*PROVIDED INFORMATION*
---
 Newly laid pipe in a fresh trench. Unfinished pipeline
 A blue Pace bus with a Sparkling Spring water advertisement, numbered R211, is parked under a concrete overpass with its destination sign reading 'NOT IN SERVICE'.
---
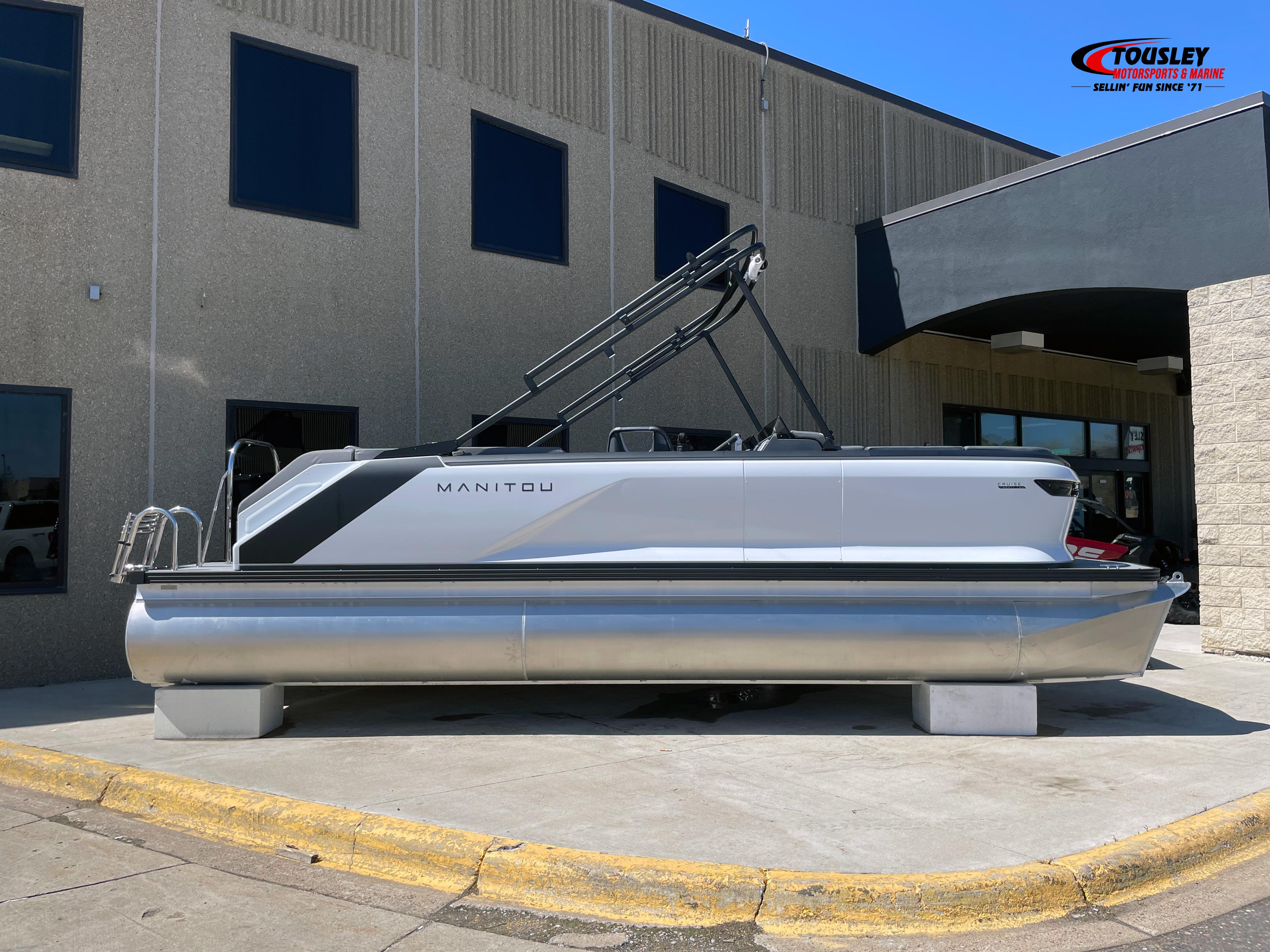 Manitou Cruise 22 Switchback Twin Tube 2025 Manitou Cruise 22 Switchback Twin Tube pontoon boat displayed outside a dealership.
---
*TASK BRIEF*
Take exactly the lines from the one containing "Newly laid pipe" through the one containing "A blue Pace" in the data above, and output them with nothing added.

*SOLUTION BELOW*
 Newly laid pipe in a fresh trench. Unfinished pipeline
 A blue Pace bus with a Sparkling Spring water advertisement, numbered R211, is parked under a concrete overpass with its destination sign reading 'NOT IN SERVICE'.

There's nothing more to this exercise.